> _EXERCISE_
Without changing a single word, write out every entry.

> _ENTRIES SHOWN_
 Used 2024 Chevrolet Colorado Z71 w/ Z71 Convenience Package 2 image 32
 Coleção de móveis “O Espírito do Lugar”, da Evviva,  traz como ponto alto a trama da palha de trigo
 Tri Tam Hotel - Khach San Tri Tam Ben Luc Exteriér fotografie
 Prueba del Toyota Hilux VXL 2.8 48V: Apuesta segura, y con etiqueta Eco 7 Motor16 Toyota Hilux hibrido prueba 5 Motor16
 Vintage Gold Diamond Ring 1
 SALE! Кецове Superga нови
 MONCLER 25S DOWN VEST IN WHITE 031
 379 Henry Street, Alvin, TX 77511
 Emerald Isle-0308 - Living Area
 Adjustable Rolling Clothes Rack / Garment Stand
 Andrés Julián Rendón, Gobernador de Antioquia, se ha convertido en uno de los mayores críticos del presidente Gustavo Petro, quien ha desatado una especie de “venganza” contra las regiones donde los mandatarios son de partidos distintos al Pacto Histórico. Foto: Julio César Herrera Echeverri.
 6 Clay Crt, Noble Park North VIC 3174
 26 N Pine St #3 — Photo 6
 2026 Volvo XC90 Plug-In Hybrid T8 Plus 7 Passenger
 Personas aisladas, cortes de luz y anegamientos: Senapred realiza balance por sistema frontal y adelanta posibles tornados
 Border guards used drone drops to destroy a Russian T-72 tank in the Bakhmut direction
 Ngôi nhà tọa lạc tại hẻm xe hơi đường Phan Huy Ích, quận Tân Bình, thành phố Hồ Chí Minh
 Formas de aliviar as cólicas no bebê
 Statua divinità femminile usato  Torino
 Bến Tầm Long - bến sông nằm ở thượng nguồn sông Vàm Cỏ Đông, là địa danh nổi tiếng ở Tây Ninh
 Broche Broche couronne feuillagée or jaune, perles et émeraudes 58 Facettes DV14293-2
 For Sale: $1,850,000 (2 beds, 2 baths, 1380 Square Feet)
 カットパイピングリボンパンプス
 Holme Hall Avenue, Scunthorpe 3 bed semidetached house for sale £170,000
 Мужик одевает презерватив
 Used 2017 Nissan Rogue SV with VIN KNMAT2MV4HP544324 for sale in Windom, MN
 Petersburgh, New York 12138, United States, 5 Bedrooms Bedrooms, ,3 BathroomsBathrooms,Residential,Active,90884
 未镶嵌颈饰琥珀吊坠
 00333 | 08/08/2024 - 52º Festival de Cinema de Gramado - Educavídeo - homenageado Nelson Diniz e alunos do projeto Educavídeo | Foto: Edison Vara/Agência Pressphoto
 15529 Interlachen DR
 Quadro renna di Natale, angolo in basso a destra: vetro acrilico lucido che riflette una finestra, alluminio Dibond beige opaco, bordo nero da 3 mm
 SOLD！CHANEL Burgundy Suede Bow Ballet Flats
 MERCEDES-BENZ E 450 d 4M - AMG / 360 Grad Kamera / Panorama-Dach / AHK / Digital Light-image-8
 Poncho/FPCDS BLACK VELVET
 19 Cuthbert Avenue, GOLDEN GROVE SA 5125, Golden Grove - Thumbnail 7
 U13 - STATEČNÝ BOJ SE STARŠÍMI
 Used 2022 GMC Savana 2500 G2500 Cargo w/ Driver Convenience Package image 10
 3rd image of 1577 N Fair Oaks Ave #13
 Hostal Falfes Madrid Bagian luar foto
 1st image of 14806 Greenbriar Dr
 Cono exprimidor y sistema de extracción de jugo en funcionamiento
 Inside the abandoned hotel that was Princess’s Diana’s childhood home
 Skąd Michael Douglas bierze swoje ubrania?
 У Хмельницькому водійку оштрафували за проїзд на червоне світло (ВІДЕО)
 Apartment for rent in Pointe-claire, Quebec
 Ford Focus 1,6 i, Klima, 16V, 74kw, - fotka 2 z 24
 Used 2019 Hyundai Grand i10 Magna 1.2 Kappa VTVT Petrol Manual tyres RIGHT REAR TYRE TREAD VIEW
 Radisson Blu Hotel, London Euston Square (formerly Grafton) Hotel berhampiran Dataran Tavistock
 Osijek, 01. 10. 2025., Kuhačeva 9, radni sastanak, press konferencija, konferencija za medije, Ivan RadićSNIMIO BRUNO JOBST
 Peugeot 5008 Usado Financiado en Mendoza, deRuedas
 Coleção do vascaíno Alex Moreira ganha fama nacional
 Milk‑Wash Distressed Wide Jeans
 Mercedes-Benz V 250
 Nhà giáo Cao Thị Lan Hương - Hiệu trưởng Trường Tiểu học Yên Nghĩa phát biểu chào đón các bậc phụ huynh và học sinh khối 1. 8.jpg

> _OUTPUT FOR THIS EXERCISE_
 Used 2024 Chevrolet Colorado Z71 w/ Z71 Convenience Package 2 image 32
 Coleção de móveis “O Espírito do Lugar”, da Evviva,  traz como ponto alto a trama da palha de trigo
 Tri Tam Hotel - Khach San Tri Tam Ben Luc Exteriér fotografie
 Prueba del Toyota Hilux VXL 2.8 48V: Apuesta segura, y con etiqueta Eco 7 Motor16 Toyota Hilux hibrido prueba 5 Motor16
 Vintage Gold Diamond Ring 1
 SALE! Кецове Superga нови
 MONCLER 25S DOWN VEST IN WHITE 031
 379 Henry Street, Alvin, TX 77511
 Emerald Isle-0308 - Living Area
 Adjustable Rolling Clothes Rack / Garment Stand
 Andrés Julián Rendón, Gobernador de Antioquia, se ha convertido en uno de los mayores críticos del presidente Gustavo Petro, quien ha desatado una especie de “venganza” contra las regiones donde los mandatarios son de partidos distintos al Pacto Histórico. Foto: Julio César Herrera Echeverri.
 6 Clay Crt, Noble Park North VIC 3174
 26 N Pine St #3 — Photo 6
 2026 Volvo XC90 Plug-In Hybrid T8 Plus 7 Passenger
 Personas aisladas, cortes de luz y anegamientos: Senapred realiza balance por sistema frontal y adelanta posibles tornados
 Border guards used drone drops to destroy a Russian T-72 tank in the Bakhmut direction
 Ngôi nhà tọa lạc tại hẻm xe hơi đường Phan Huy Ích, quận Tân Bình, thành phố Hồ Chí Minh
 Formas de aliviar as cólicas no bebê
 Statua divinità femminile usato  Torino
 Bến Tầm Long - bến sông nằm ở thượng nguồn sông Vàm Cỏ Đông, là địa danh nổi tiếng ở Tây Ninh
 Broche Broche couronne feuillagée or jaune, perles et émeraudes 58 Facettes DV14293-2
 For Sale: $1,850,000 (2 beds, 2 baths, 1380 Square Feet)
 カットパイピングリボンパンプス
 Holme Hall Avenue, Scunthorpe 3 bed semidetached house for sale £170,000
 Мужик одевает презерватив
 Used 2017 Nissan Rogue SV with VIN KNMAT2MV4HP544324 for sale in Windom, MN
 Petersburgh, New York 12138, United States, 5 Bedrooms Bedrooms, ,3 BathroomsBathrooms,Residential,Active,90884
 未镶嵌颈饰琥珀吊坠
 00333 | 08/08/2024 - 52º Festival de Cinema de Gramado - Educavídeo - homenageado Nelson Diniz e alunos do projeto Educavídeo | Foto: Edison Vara/Agência Pressphoto
 15529 Interlachen DR
 Quadro renna di Natale, angolo in basso a destra: vetro acrilico lucido che riflette una finestra, alluminio Dibond beige opaco, bordo nero da 3 mm
 SOLD！CHANEL Burgundy Suede Bow Ballet Flats
 MERCEDES-BENZ E 450 d 4M - AMG / 360 Grad Kamera / Panorama-Dach / AHK / Digital Light-image-8
 Poncho/FPCDS BLACK VELVET
 19 Cuthbert Avenue, GOLDEN GROVE SA 5125, Golden Grove - Thumbnail 7
 U13 - STATEČNÝ BOJ SE STARŠÍMI
 Used 2022 GMC Savana 2500 G2500 Cargo w/ Driver Convenience Package image 10
 3rd image of 1577 N Fair Oaks Ave #13
 Hostal Falfes Madrid Bagian luar foto
 1st image of 14806 Greenbriar Dr
 Cono exprimidor y sistema de extracción de jugo en funcionamiento
 Inside the abandoned hotel that was Princess’s Diana’s childhood home
 Skąd Michael Douglas bierze swoje ubrania?
 У Хмельницькому водійку оштрафували за проїзд на червоне світло (ВІДЕО)
 Apartment for rent in Pointe-claire, Quebec
 Ford Focus 1,6 i, Klima, 16V, 74kw, - fotka 2 z 24
 Used 2019 Hyundai Grand i10 Magna 1.2 Kappa VTVT Petrol Manual tyres RIGHT REAR TYRE TREAD VIEW
 Radisson Blu Hotel, London Euston Square (formerly Grafton) Hotel berhampiran Dataran Tavistock
 Osijek, 01. 10. 2025., Kuhačeva 9, radni sastanak, press konferencija, konferencija za medije, Ivan RadićSNIMIO BRUNO JOBST
 Peugeot 5008 Usado Financiado en Mendoza, deRuedas
 Coleção do vascaíno Alex Moreira ganha fama nacional
 Milk‑Wash Distressed Wide Jeans
 Mercedes-Benz V 250
 Nhà giáo Cao Thị Lan Hương - Hiệu trưởng Trường Tiểu học Yên Nghĩa phát biểu chào đón các bậc phụ huynh và học sinh khối 1. 8.jpg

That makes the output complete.